SILVER SPRING, Md, February 6, 2014 – To nap or not to nap, that is the question. And it is one that every parent must face eventually. If your toddler has any say in the matter, it will be no nap. Many parents arrive at the question about when to stop naps for little ones because of fights and tantrums over the mid-day sleep. While many a parent would kill for the implementation of the siesta, children see it as a hindrance to their fun. So what is a parent to do, and how do you decide when it is time to stop fighting and let the sleepless afternoon prevail?
At some point, every child stops napping. Really, to make it in the world, we are required to throw out the concept of a mid-day nap. Once your child hits all first grade, if not sooner in an all day pre-K or kindergarten, you will not have the option of putting your child in her bed after lunch for a bit of rest. The child will be going from lunch to recess, to story time or finger painting, or some other class. Schools do not have cots for children to lay on, and the children are expected to arrived well-rested and able to stay awake for the duration of the day.

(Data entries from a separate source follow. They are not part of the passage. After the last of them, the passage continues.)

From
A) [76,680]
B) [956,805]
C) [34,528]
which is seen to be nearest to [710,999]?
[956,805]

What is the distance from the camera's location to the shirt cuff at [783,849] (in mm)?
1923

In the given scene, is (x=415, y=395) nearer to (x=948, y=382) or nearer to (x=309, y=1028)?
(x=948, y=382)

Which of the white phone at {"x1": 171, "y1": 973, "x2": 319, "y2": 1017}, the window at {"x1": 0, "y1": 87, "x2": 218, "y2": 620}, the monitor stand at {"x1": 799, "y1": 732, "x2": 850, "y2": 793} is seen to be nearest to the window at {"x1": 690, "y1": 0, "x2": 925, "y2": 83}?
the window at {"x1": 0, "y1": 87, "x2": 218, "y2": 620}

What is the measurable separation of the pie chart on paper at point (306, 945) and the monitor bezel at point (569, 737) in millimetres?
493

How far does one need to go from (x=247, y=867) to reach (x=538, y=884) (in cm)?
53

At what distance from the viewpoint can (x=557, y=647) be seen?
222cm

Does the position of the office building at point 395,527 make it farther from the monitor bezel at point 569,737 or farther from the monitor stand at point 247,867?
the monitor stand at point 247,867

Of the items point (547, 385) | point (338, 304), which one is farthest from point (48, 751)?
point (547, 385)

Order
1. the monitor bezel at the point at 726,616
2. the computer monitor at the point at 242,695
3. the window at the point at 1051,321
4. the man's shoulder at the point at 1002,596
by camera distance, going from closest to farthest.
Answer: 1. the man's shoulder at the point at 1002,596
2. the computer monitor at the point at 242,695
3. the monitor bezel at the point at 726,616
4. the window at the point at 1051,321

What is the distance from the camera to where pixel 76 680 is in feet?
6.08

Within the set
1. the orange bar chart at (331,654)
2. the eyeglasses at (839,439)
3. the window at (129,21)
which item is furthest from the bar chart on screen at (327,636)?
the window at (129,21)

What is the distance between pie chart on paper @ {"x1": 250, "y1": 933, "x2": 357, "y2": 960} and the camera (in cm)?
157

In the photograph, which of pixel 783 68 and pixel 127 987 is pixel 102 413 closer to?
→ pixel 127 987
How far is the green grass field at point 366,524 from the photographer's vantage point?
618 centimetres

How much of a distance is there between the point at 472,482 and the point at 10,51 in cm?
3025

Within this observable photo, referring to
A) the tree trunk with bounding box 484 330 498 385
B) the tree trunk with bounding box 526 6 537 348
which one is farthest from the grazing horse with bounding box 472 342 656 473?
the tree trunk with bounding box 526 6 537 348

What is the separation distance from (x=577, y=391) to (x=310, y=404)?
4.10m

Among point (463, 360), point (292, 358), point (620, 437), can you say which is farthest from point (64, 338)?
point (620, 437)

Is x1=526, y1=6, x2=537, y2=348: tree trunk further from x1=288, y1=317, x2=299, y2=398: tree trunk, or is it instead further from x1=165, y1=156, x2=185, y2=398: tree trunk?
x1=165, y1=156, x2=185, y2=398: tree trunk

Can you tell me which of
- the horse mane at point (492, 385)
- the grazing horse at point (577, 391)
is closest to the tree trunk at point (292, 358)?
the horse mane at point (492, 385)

So, if your child has been giving you a blissful hour or two of quiet everyday and is about to enter into school, the gig is probably up. Check with the school to see what their daily routine involves. Some all day preschools will have a nap time for younger students, but eventually your child will age out.

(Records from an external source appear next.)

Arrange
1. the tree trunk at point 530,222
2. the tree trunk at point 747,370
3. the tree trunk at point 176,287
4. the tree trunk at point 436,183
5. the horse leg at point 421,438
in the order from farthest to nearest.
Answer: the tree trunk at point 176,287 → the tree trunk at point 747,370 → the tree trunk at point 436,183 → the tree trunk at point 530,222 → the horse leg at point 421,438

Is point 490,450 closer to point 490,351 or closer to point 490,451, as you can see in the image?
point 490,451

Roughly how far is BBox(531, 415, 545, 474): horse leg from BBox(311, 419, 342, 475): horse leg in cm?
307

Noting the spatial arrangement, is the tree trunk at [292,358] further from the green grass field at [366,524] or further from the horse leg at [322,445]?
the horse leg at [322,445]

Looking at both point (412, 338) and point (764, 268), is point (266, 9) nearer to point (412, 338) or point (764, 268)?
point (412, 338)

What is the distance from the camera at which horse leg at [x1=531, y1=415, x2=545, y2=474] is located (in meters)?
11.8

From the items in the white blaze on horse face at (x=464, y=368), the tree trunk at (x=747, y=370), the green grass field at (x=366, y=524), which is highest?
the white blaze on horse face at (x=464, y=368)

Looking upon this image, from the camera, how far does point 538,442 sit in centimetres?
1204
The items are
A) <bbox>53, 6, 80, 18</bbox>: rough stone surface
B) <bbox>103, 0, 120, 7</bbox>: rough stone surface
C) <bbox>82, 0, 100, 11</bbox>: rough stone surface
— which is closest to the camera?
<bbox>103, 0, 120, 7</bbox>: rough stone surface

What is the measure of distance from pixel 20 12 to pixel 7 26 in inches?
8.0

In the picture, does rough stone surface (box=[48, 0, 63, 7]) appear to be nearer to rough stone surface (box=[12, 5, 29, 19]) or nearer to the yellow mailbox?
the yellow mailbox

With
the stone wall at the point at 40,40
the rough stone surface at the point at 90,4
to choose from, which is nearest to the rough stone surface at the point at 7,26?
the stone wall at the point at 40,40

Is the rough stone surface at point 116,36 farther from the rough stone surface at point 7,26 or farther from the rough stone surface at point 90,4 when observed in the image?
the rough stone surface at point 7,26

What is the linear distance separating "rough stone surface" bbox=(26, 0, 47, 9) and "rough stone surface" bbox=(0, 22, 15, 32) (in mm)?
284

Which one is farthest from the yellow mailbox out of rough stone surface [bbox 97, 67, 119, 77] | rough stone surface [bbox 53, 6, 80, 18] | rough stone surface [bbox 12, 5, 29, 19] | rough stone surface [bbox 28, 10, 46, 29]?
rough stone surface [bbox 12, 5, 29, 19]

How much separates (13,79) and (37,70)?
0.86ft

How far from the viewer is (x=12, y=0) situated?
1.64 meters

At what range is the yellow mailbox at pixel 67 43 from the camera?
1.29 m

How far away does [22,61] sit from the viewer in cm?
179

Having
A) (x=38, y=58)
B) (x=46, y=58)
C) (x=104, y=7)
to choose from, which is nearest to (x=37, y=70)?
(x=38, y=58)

However, if your child is two or three and stays at home with a parent or a nanny, then she is still young enough for a nap without worrying about conflicting with others’ schedules. Just try to be consistent about the time of the nap, and try nap to schedule activities that are too close to the designated nap time.

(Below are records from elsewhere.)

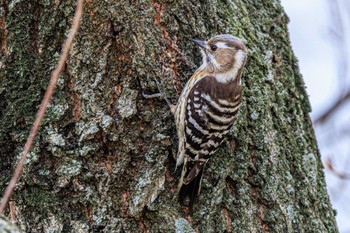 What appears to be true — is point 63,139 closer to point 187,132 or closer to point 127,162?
point 127,162

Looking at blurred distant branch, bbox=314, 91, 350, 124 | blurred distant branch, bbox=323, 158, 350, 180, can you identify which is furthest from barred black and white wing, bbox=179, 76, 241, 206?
blurred distant branch, bbox=314, 91, 350, 124

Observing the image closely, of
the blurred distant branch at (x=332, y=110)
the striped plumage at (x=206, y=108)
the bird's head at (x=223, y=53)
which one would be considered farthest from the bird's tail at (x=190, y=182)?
the blurred distant branch at (x=332, y=110)

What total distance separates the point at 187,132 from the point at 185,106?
19cm

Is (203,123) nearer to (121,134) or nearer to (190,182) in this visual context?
(190,182)

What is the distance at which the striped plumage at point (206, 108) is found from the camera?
13.3 feet

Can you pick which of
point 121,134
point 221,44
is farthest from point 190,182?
point 221,44

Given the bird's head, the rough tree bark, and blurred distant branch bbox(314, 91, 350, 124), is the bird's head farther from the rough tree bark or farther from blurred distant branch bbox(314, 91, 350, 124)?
blurred distant branch bbox(314, 91, 350, 124)

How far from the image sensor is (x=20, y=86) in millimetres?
3852

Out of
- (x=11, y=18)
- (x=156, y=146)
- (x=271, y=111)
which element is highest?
(x=271, y=111)

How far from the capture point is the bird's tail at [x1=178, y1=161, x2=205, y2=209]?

Behavior is usually the biggest determining factor of whether it is wise to cut the nap or not. Some children get enough sleep during the night and have plenty of energy to make it through the day without needing a nap. However, other children can have problems that are signs of needing more sleep and that a nap is still needed. If a child is becoming temperamental towards the middle or end of the day, they are usually over-tired and need rest. A child who swears they do not need to sleep and then falls asleep sitting at the dinner table had not gotten enough sleep to make it through the day. Sometimes a child will even get more active to keep herself awake once she realizes she is getting sleepy. As a result, the hyperactivity that you are simply attributing to the “terrible twos” may actually be your little one’s attempt to stay awake. The same goes with tantrums, crying easily or for no apparent reason, or other bad behaviors, especially if they are not consistent or come on only later in the day.
Total hours of sleep
The American Academy of Pediatrics says that children ages 1 to 3 need 10-13 hours of sleep in a 24 hour period and children ages 3-10 need 10-12 hours of sleep. Therefore, if your child is a good sleeper who does not wake up in the middle of the night, she might not need a nap. However, if your little one is a restless sleeper, waking multiple times a night and calling for you, or just simply does not sleep long stretches overnight, then a nap might be crucial to reaching the correct amount of sleep that is healthy. That being said, the range of sleep is there because the amount of sleep needed is different for each child, and can go up or down for a given child on a day to day based on activity level and other factors. So, do not simply assume that your child is getting enough rest if they sleep 10 hours at night. Look for other signs as well. she might be someone who need 12 hours.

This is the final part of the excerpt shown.